Ada Lovelace was a pioneering computer scientist and mathematician of the 19th century. Since 2009, on the second Tuesday in October individuals around the country and globe gather to celebrate Ada Lovelace Day by commemorating her life and raising the profile of women and LGBTQ+ persons in the STEM fields. To honor her legacy, a group of librarians at UT planned and facilitated a daylong Wikipedia Edit-a-thon scheduled for October 8, 2019. 

Beginning in earnest in mid-August, four librarians including Gina Bastone, Roxanne Bogucka, Lydia Fletcher, and myself sat together at a table in the Physics, Math and Astronomy Library to brainstorm ideas and organize what would turn out to be an amazing experience and very meaningful event. The event drew more than 45 participants from across campus to learn about the Wikipedia editing process and get inaugural edits under their belts. 

To organize a successful Edit-a-thon event requires considerable planning in addition to forethought and purpose. Some of the initial goals were to improve the visibility of women in STEM fields, to teach first-time editors the quirks of Wikipedia editing, and to democratize the process of editing Wikipedia, which itself is largely contributed to by cis white men. Creating an accessible and drop-in event where folks could learn something, grab some food, and edit in between classes was also a priority. Starting the research process, identifying useful Wikipedia-friendly sources on top of creating content was a high order to meet in addition to orienting participants to the editing process. Reflecting on our cumulative past experience it was agreed that structuring the event to be largely self-guided was the best approach. Recognizing that the average participant may spend about an hour between classes at the Edit-a-thon, librarians identified pages that required editing and organizing sources ahead of time, focusing specifically on local women in STEM. We reached out to campus groups such as Women in Physics, Gender & Sexuality Center, and CNS-Q, who proved helpful by enthusiastically providing support in word of mouth and extra sustenance on the day of the Edit-a-thon.

One of the event organizers guides a participant through the structure of a Wikipedia article.

We organized the day through a system of Google Drive links and physical sticky notes to ensure that only one person would be editing one article at a time, while retaining the ability to have more than one contributor to each article on the day.

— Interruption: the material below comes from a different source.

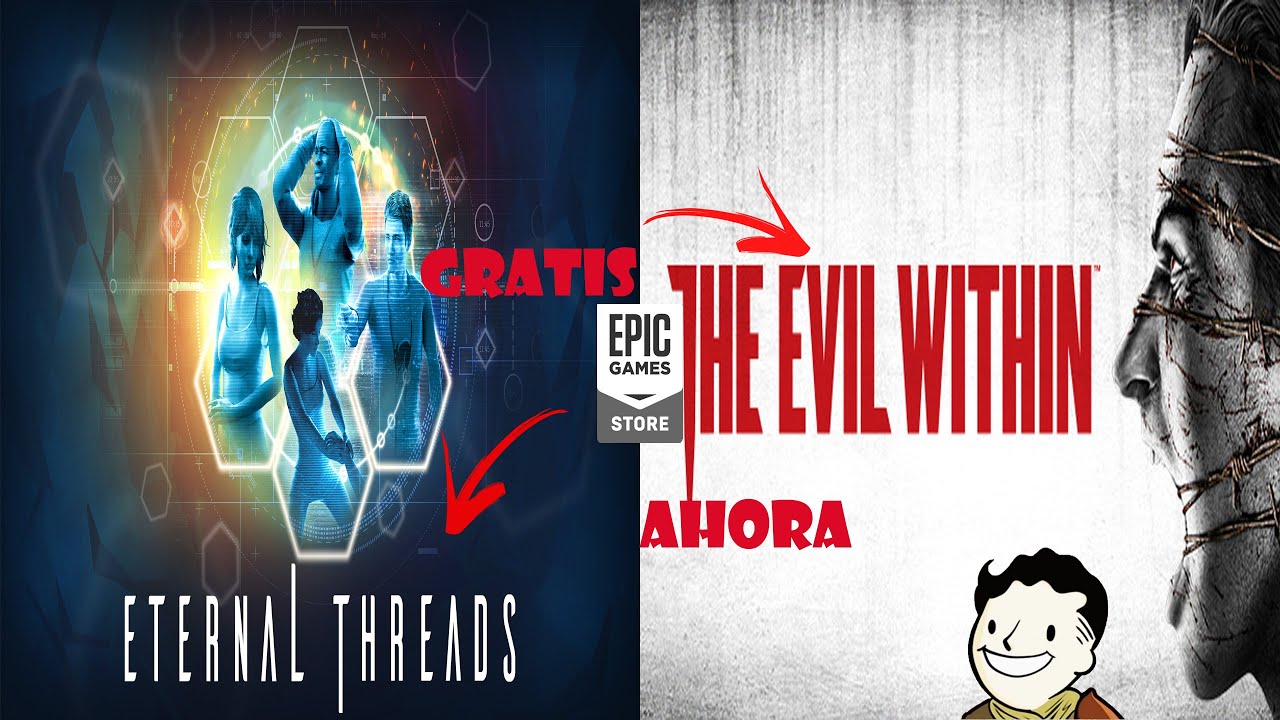 Epic Games Store, Eternal Threads e The Evil Within gratuitos por tempo  limitado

Using this system of sticky notes to identify topics for editing, each person would grab a note with a unique scientist’s name off the board, hold on to it while editing that topic and then return it to the board if the entry still needed further edits. The Google Drive folder contained supporting material for our selected topics in addition to a wealth of curated training documents. Many of these training documents were reused and can be reused again in the future. These tools allowed us to plan and coordinate an event without having a required time for a formal demonstration. 

Three of the event organizers standing in front of the whiteboard used to organize topics.

The Edit-a-thon was wildly successful and drew participation from many first-time editors in the College of Natural Sciences. While the turnout was better than we had expected, the true success was in the feedback. All of the respondents to our survey agreed that they had learned about editing Wikipedia and the construction of articles at the event, and 87% said that they plan to continue editing into the future. The goals of the planning group had been met and exceeded, encouraging us to run further events teaching the ins and outs of contributing to Wikipedia.